Stuxnet displays vulnerabilities in the Cyberspace infrastructure that individuals rely on globally. With other weapons of this sort (i.e. those that are legal but have global implications such as strategic nuclear weapons) states have turned to methods of disarmament and deterrence as a way to manage international peace and security. These mechanisms, which are meant to lower the risk of an Article 2(4) violation, are the subject of the next section.
Ghost Guns
The atomic bomb dropped on Hiroshima near the end of WWII ushered in a new age of warfare driven by technological advances that far outpaced previous innovation blooms. Nuclear weapons, intercontinental ballistic missile delivery systems, long-range stealth bombers, and military satellite systems all widened the ability of states to project force into the territory of other states. States found themselves in a classic security paradox in which the only way to be more secure is to have more and better weapons than one’s adversary leading both parties to actively incentivize their own insecurity.[65] To decrease the risk caused by such paradoxes, states turned to disarmament and deterrence mechanisms in order to implement systems of “reciprocal restraint.”[66] As discussed above, ITAR is a domestic implementation of such measures.

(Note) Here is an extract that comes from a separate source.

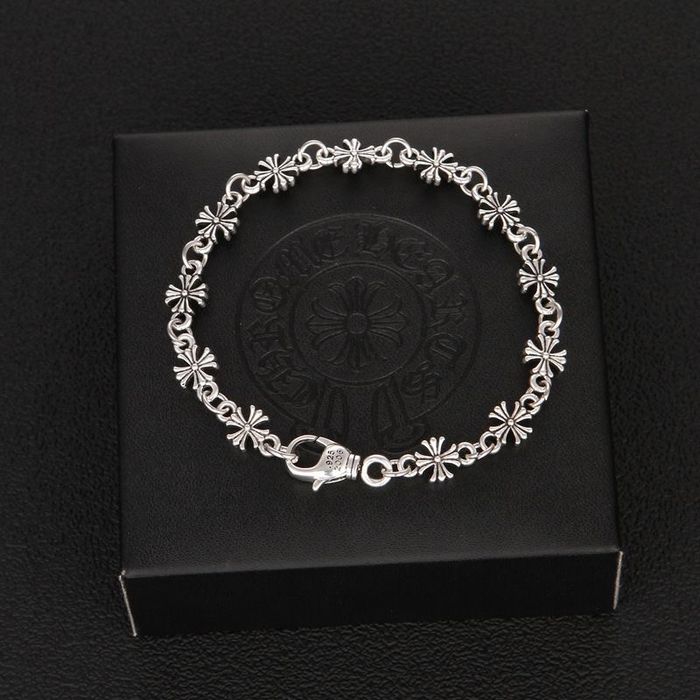 Браслет Chrome Hearts браслет Хром Хартс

Disarmament mechanisms usually come in the form of international agreements that ban the development and use of certain weapons, or limit the number of a particular type of weapon that a state may have.[67] Disarmament mechanisms are underpinned by verification. Verification is the act of verifying whether or not a party is complying with an agreement. The importance of verification to disarmament can be seen in Reagan’s signature quip: “trust, but verify.”[68] Without verification, disarmament agreements tend to be weak and difficult to negotiate. States have traditionally relied on national technical means (NTM) in these agreements as a form of verification, which consist of satellite observation in addition to other types of remote sensing.[69] NTM was an excellent way to verify nuclear disarmament agreements, and the US and USSR were able to rely on satellite observation as a mechanism for verification since nuclear armaments were by their nature quite large. As a result, NTM worked well in forging compromises between the two states as they sought to securely reduce their nuclear stockpiles. It should be noted that “[b]ecause disarmament treaties go to the heart of national and international security, states are wary of frivolously embarking on new ones that might constrain their options.”[70]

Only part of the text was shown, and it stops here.